Retirement plan rule changes often don’t make waves beyond our corner of the business world, but in 2015 they made national headlines. The problem of excessive fees for retirement plan investments and advice garnered more attention last year, not only with the pending rule changes around fiduciary responsibilities but also in legal actions against plan sponsors and class action settlements in favor of retirement plan participants.
Here are some highlights from an active year for 401(k) plans.
New fiduciary rules
The proposal to update the rules around fiduciary standards for retirement advisors – requiring all advisors to plans to act as fiduciaries – dominated industry headlines and regulatory debate in 2015. The Department of Labor (DOL) received over 3,000 comments on the proposal throughout the year and held three days of open hearings in August for interested parties to air their concerns.

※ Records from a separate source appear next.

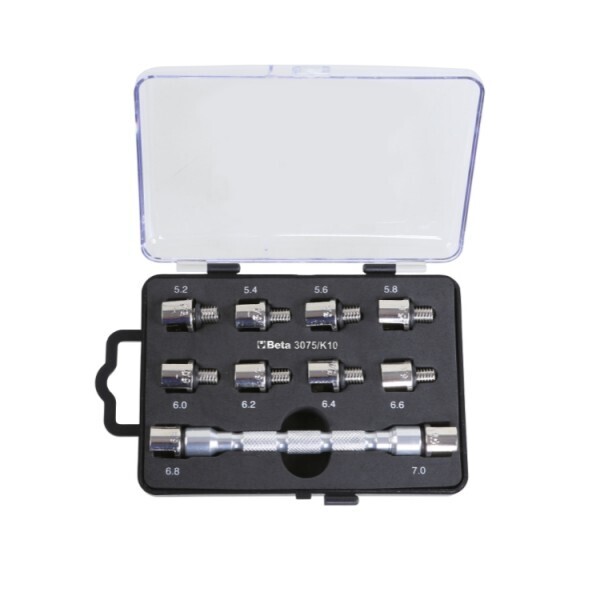 SET CHIAVE UNIVERSALE A TESTINA INTERCAMBIABILE E 10 INSERTI, PER SERRAGGIO RAGGI RUOTE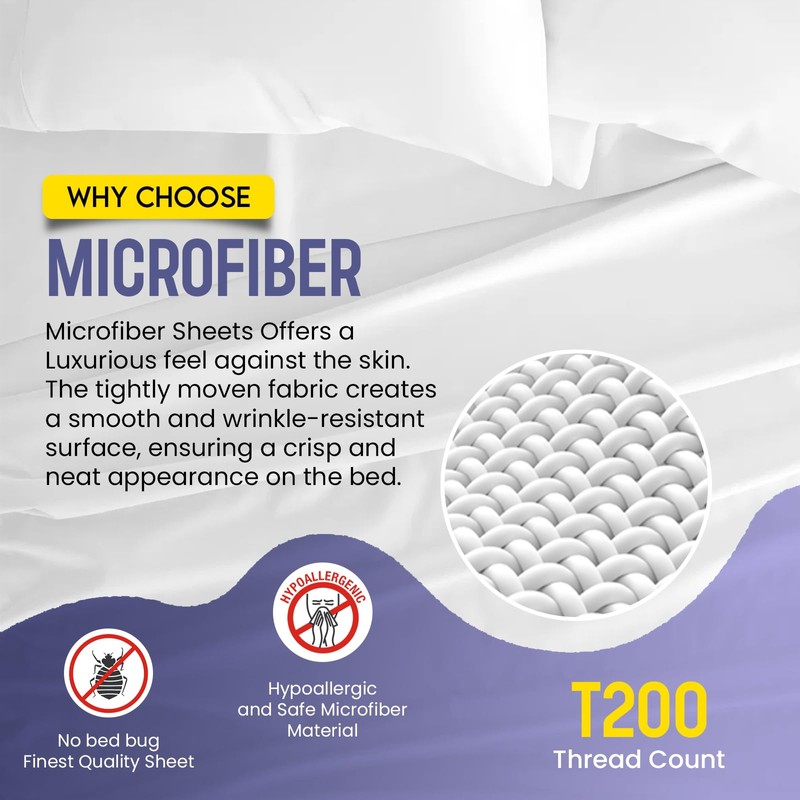 Sunshine Comforts Microfiber Flat Sheets Super King Size Breathable, Anti
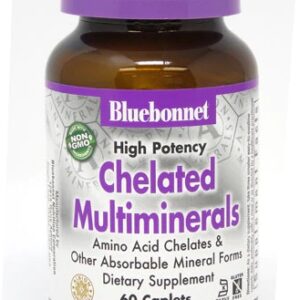 Bluebonnet Nutrition High Potency Multiminerais Quelados com Ferro 60 Caplets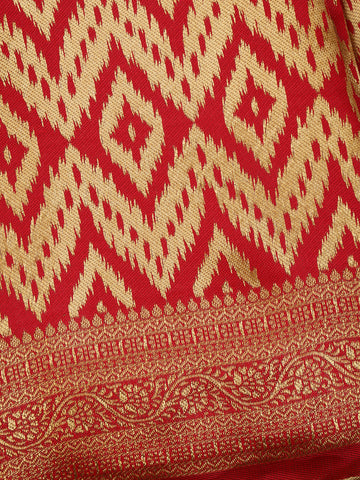 Red Geometric Ikat Design Silk Saree - Diadem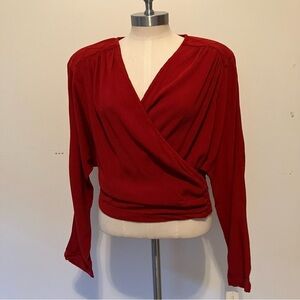 VTG Women’s Y2K Burnt Orange Rayon Cross Over Crop Top Blouse NOS Elastic Sz.10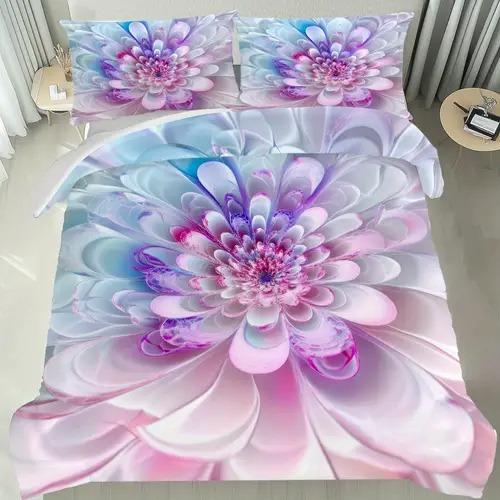Comforter Pink Blue Cloud Pattern Queen King Size Starry Sky Bedding Set Girls Room Decoration Dream Garden 3 Pcs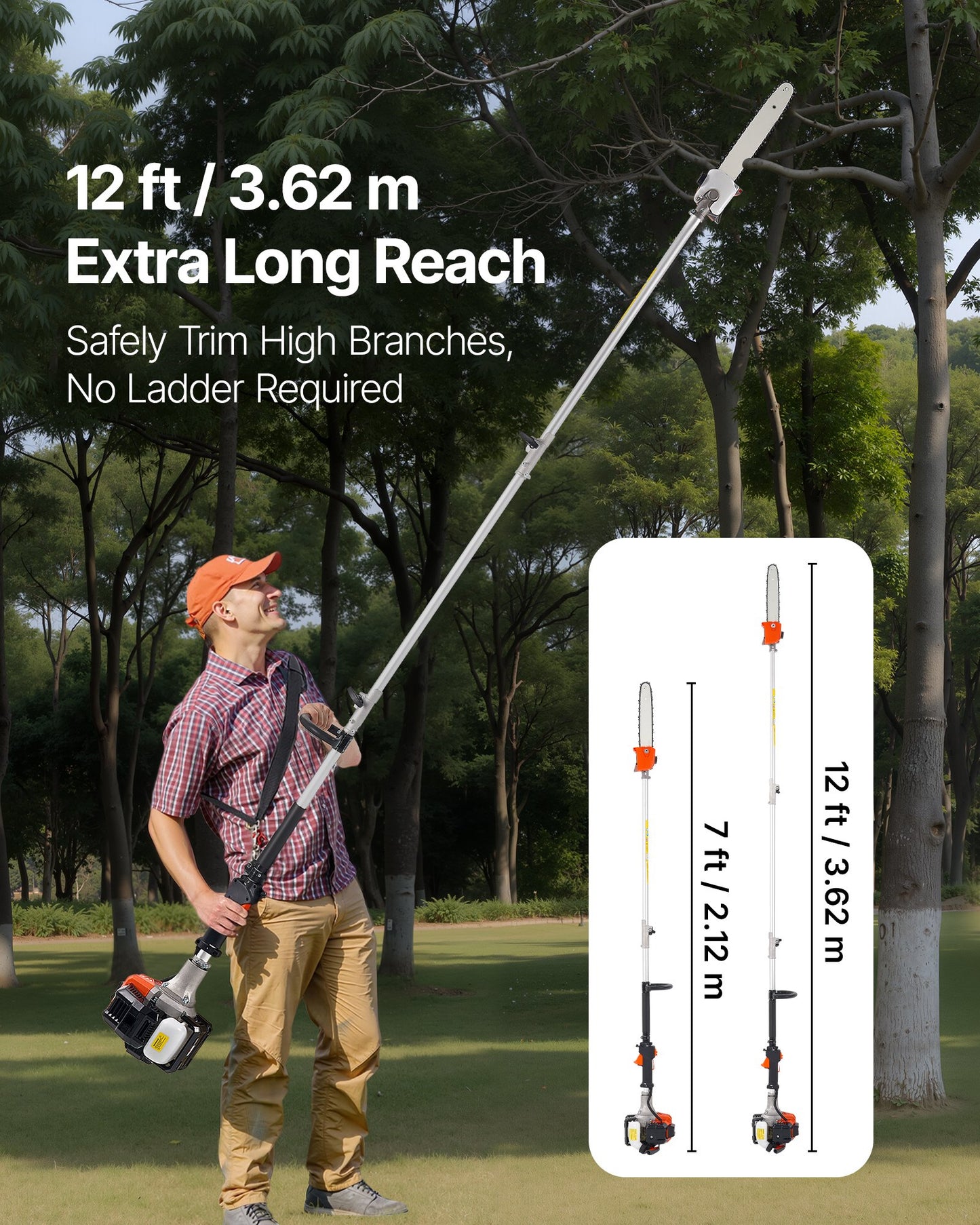 Gas Pole Saw 25CC 2-Stroke Extendable Tree Trimmer with 12-In Bar - Cordless Garden Tool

This kind of sweeping legislation will always bring out the vested interests seeking to shape the outcome of the new regulations. Plus, when there’s a lot of money at stake—to the tune of $24.7 trillion in total U.S. retirement assets according to the Investment Company Institute—you can be sure the industry heavyweights will make their opinions known to any legislator or regulator with the authority to affect the course of the debate.
Fund companies and brokerage firms criticized the proposal as harmful to individual investors and disruptive to their business models. Swarms of industry lobbyists sought to sway opinion against the new rules and promoted legislative maneuvers to derail the proposal. (An attempt to “defund” the proposal was discussed but scrapped during the recent Congressional budget negotiations.) Supporters of the new rules were active and vocal throughout the debate. But the revised fiduciary definition won’t change their businesses much; many have already adopted more rigorous standards of care for clients and plan participants.
As of right now, it looks possible that the DOL’s proposal – with revisions based on feedback received – may become reality in 2016. Opponents are already lining up contingency plans to defend their business models from the crisis they see coming as the result of the pending legislation. Most importantly, if the new regulations are passed, the retirement planning landscape will change for plan sponsors and trustees in the coming year. Having a trusted and knowledgeable advisor to call on will help you make sense of the new environment.
Tibble v. Edison
The Supreme Court’s (very rare) unanimous decision in this case, announced in May, was the other huge story in 2015. The high court ruled that plan sponsors have an ongoing fiduciary duty to monitor plan investments and invalidated the lower court’s decision to apply a statute of limitations on these responsibilities. What I see interesting in this decision is how different parties can interpret ERISA law and retirement plan legislation in different ways. These varying opinions can make life complicated for a plan sponsor and fiduciary. That’s why I recommend that plan sponsors err to the conservative side when applying the fiduciary standard of care and prudent man rule to their responsibilities.
Class action settlements
2015 saw two big-ticket settlements of class action lawsuits over excessive fees for 401(k) investment options. The first settlement came in February, with Lockheed Martin’s $62 million payment to end litigation that included over 100,000 plan participants. In August, a second class action case closed when Boeing paid a $57 million settlement to plaintiffs alleging a failure to carry out fiduciary duties to monitor and disclose fees in 401(k) investments.
The $32 million settlement of the Novant class action lawsuit in November caught my eye because of its early conclusion and possible motivations. Usually, retirement plan cases drag on for up to eight years, especially for class action suits. (The Boeing case, mentioned above, was at least a decade old.) Settling just over a year after filing, even before arguments were made in court, signaled the potential desire by the plan’s trustees to avoid personal liability for dereliction of their fiduciary duties.
More highlights from 2015
The IRS expanded the questions on Form 5500 in 2015 to focus on compliance with federal tax laws. Responses to these questions are optional, but the IRS “strongly encourages” retirement plan sponsors to answer them. I would say skipping these “optional” questions is not really an option for plan sponsors.
In another part of the government agency universe, the DOL’s Employee Benefits Security Administration (EBSA) released the results of a study of retirement plan audits. They found a majority of plan audits had followed professional standards or only had minor deficiencies. But nearly 40 percent of plan audits reviewed had “major deficiencies” according to EBSA.
What’s ahead for 2016?
The fiduciary rule changes, expected to be announced in 2016, will have the biggest impact on retirement plan sponsors this coming year. Plus, I expect the number of class action lawsuits and settlements around excessive plan fees to continue.